The refractive optical components, with one tunable element, are then finally combined with the tunable iris and the sensor into the complete engineered eyeball, shown in the exploded view of Figure 7. The sensor employed was a commercial complimentary metal oxide semiconductor (CMOS)-based board-level camera (uEYE LE, IDS Imaging Development Systems GmbH, Obersulm, Germany) with 1280 × 1024 pixels, a 5.3 μm pixel pitch, and a shortest chip dimension of 4.345 mm. The tunable components, the lens and both variations of the iris, are mounted on custom printed circuit boards, and the static lens assembly on an XY positioning mount. All of these were designed to be compatible with a 30-mm cage system, incorporating mechanical spacers and positioning rods, and the assembly was finally incorporated into a 7-cm diameter three-dimensional-printed spherical housing to eliminate stray light.

Figure 7
figure 7

Exploded view of the engineered eyeball assembly. From left to right: the tunable iris, tunable refractive lens, fixed lens assembly, and sensor.

Results and discussion

We thus see how a complete eye-like imaging system can be conceived and fabricated using soft-matter micro-optics and actuation. Whereas there is a considerable body of work in realizing biomimetic imaging systems, the vast majority of these concern multi-facet (that is, insect) eyes1, 2, 3. Biomimetic single-aperture (that is, mammalian) eyes such as that presented here more sparsely populate the literature. Notable among these is the work of Liang et al.4, who integrated a voice-coil-driven deformable lens with a fixed poly(methylmethacrylate) ‘cornea’ lens and a commercial image sensor. Unfortunately, the optical performance of this system, which does not include a tunable aperture and thus only yields accommodation (29.5–5.1 cm), was not described in any detail. Alternatively, the work of Santiago-Alvarado et al.5 presented the design of a system comprising a poly(methylmethacrylate) ‘cornea’ lens, a standard mechanical iris and an elastomeric lens, in a system considerably larger than that presented here using complex, classical mechanical actuation techniques; the system appears only to have been simulated, not constructed. Finally, Arianpour et al.6 have fabricated an optomechanical model eye, which was, however, intended for testing of intraocular lenses and did not include any tunable optical components.

To our knowledge, therefore, no biomimetic imager of any kind has used soft-matter ‘muscle’ actuation for either focal length or aperture tuning and we now consider the optical characteristics of this system in detail.

The characterization of imaging performance using the complete engineered eyeball system comprised measurement of MTF, depth of field (DOF), focus position as well as qualitatively evaluable images as a function of tuning behavior. MTF measurements were accomplished by Fourier transform of the measured edge spread function; sharpness (focal position) and DOF were determined by integration of the MTF, which attains a maximum value for an in-focus image. Maximum ‘sharpness’, as used in the characterization below, was then defined as the point at which this integral is maximal.
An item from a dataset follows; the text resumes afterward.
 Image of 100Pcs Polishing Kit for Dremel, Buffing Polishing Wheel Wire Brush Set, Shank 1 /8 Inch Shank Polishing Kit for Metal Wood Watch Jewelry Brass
Using the fluidic tunable iris, the aperture could be tuned 1.77–5.0 mm, resulting in a variation of MTF as well as DOF. As is expected, MTF decreases as aperture size increases, as is noted in Figures 8. For a 2.5 mm aperture, the complete system showed a resolution of 2.0 line pairs per millimeter, compared with 2.24 line pairs per millimeter as expected from simulation. The increase in DOF with decreasing aperture diameter is clearly seen in Figure 9, which images numerous axially displaced objects at two aperture sizes. For the larger aperture size, only the front-most figure is in focus; for the smaller, all figures and the background text are sharply imaged. The two images have the same overall brightness due to positive gain compensation in the sensor as the aperture size is decreased.

Figure 8
figure 8

Aperture tuning using the fluidic iris: variation in the measured MTF as the iris diameter is varied 1.7–5.0 mm. OTF, optical transfer function.

Figure 9
figure 9

Aperture tuning using the fluidic iris: variation in the measured DOF for iris diameters of 5.00 (a) and 1.77 mm (b). Notice that all figures and the background text are in focus for d=1.77 mm; distance between the front and rear figures is 220 mm.

The LCE iris was also implemented for tuning, and allowed a continuous variation in aperture between 2.7 and 3.9 mm. In contrast to the fluidic iris, whose discrete step-like tuning derives from the discrete actuation electrodes, the LCE iris could be used to continuously vary both the DOF as well as overall light intensity imaged onto the sensor.

The variation in DOF with aperture tuning is quantitatively evaluated in Figure 10, which presents the measured sharpness as a function of axial distance for different apertures. A broader characteristic implies larger DOF, and we see that the full-width at half-maximum varies from 23 mm at d=5.0 mm to >110 mm at d=1.77 mm. The accompanying shift in focal length to longer values for decreasing aperture size is due to the obstruction of marginal rays for the smaller aperture, thereby decreasing spherical aberration. As positive spherical aberration shifts the focus of peripheral rays toward the lens, its reduction results in an increase of measured focal length.

Figure 10
figure 10

Measurement of sharpness as a function of axial position for different aperture values; the width of the peak defines the DOF. The object distance is smaller than that of Figure 11, as a larger sensor/optics spacing was used here.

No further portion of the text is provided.